Matematiksel Modeller ve Çözüm Yöntemleri
Doğrusal programlama modeli sabit olarak adlandırılan kesinlikle bilinen sistem parametreleri ile karar vericinin kontrolü altındaki, karar değişkeni olarak tanımladığımız parametrelerin karışımından oluşan matematiksel ilişkilerden oluşur. Her DP’nin bir amaç fonksiyonu ve doğrusal ilişkilerden oluşan kısıtlar seti vardır. Fonksiyonların doğrusal olması, değişkenlerin reel değerler alabilmesi nedeniyle amaç fonksiyonunu en iyileyen çözümü cebirsel yöntemlerle makul bir zaman aralığında bulmak mümkün olduğu için en çok kullanılan matematiksel model tipidir.
DP modellerin başarısının sırrı karar değişkenlerinin reel sayı olabilmesidir. Fakat gerçek hayat problemlerinde karar değişkenleri sıklıkla doğal sayı olmak zorundadır. Bu probleme ek bir kısıt getirmekle beraber modele etkisi daha fazla olduğu için bu tip modeller tam sayılı doğrusal programlama (TDP) olarak sınıflandırılırlar.
DP’deki matematiksel ilişkilerden (amaç fonksiyon veya kısıt) en az biri doğrusal değilse bu model tipine doğrusal olmayan programlama (DOP) denir. Gerçek hayat problemlerinde karar değişkenlerinin davranışları genelde doğrusal değildir, bu sebeple DOP ile daha gerçekçi modeller oluşturabiliriz ama tek bir fonksiyon dahi doğrusal olmadığı durumda doğrusal cebir yöntemleri en iyi çözümü garantilemekten uzaktır. Bu sebeple, genelde daha uzun zamanda ve yaklaşık çözümler ya da ancak belli problem tiplerinde en iyi çözüme ulaşılabilinir.
DP da sabit olarak kabul ettiğimiz sistem parametreleri rassal davranış gösterirse artık bunlara stokastik değişken dememiz gerekir ki bu da DP tanımına uymaz.

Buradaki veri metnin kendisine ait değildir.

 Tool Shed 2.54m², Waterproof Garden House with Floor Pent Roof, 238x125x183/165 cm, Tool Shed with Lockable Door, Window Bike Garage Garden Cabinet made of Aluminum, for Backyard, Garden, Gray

Bu durumda ya modelimizi, rassal değişkenlerin uç değerlerini sistem sabiti kabul ederek en kötü durum DP modelini, veya ortalama değerler üzerinden bir ortalamadeğer DP modelini kurar ve devam ederiz; ya da cebirsel kısıtlarımızı birer olasılık eşitsizliğine dönüştürerek stokastik programlama (SP) modeli oluşturabiliriz. SP da bu tür kısıtlara, şans kısıtı denir ve modelin bu kısıtı sağlama olasılığının belli bir oranın üstünde olması beklenir.